Shouldn't you be reviewing this film by it's self. I just saw the film and I agree it's not as good as any of the Evil Dead movies. But if were going by your logic I shouldn't enjoy James Cameron's "Avatar" because it will not be as good as "Aliens". Maybe you need to review your own critiquing style.

Really odd review. It's like the reviewer enjoyed the movie, but yet he didn't because it doesn't remind him of the Sam Raimi made 'Evil Dead' films..this review really doesn't make much sense.

I do agree with most of the comments concerning this review, though like them, I've yet to see the movie. I especially agree with those that question Mr. Levin's logic of expecting "old school" Sam Raimi to suddenly appear after spending more than a decade working within the studio system, not to mention the 20+ years he's spent polishing his own style.

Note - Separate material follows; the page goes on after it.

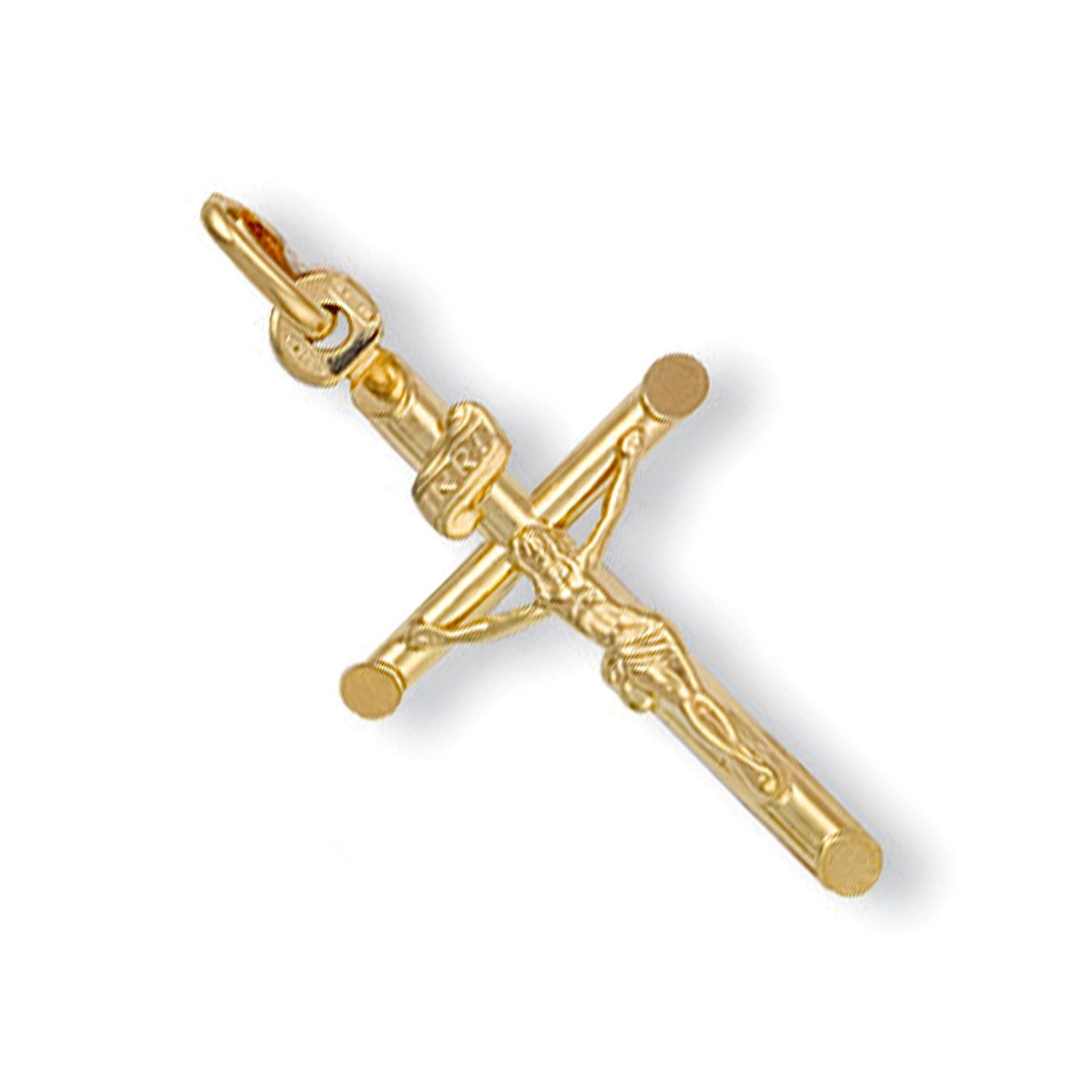Yellow Gold Round Tube Crucifix - 9ct Gold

However, before any more people accuse Mr. Levin of simply writing a "negative" review to burst the film's 100% RT bubble, one thing should be pointed out: Mr. Levin's overall agreement with all the critics on RT is 75%. That's not really a figure that implies pedantry or being contrarian for contrarian's sake (leave that to Rex Reed). In fact, just scrolling through the first 50 reviews listed on Mr. Levin's RT page shows that quite a few of the films he gets credit for calling "negative" are actually 2.5 stars out of 4, which any math whiz (or not, I'm certainly not) will tell you is actually 62.5%. RT's own line of decarmation between fresh and rotten is 60%. Here's the site's own phrasing:

"In order for a movie to receive an overall rating of FRESH, the reading on the Tomatometer for that movie must be at least 60%. Otherwise, it is ROTTEN. Why 60%? We feel that 60% is a comfortable minimum for a movie to be recommended."

So, really, the questions about Mr. Levin's "negative" reviews should be directed squarely at Rotten Tomatoes. Why does a movie have to be 60% to be considered "fresh" but a movie review itself that categorically rates the movie in question higher than 60% (62.5%, in this case) deemed to be "rotten"? As Johnny Cochrane might say: If wookies live on Endor, you must acquit.

I merely bring this up, not to defend Mr. Levin, but to question why anyone would accuse a reviewer of merely attempting to be contrarian, or to somehow bring a movie "down" on the Tomatometer, when there is no evidence to back up this kind of accusation. The internet, we all know, could do with LESS reactionaries. So, why add to the tumult? Why question a person's commitment to their career and their motives, just because you don't agree? Especially when you don't know the man personally and haven't even seen the movie?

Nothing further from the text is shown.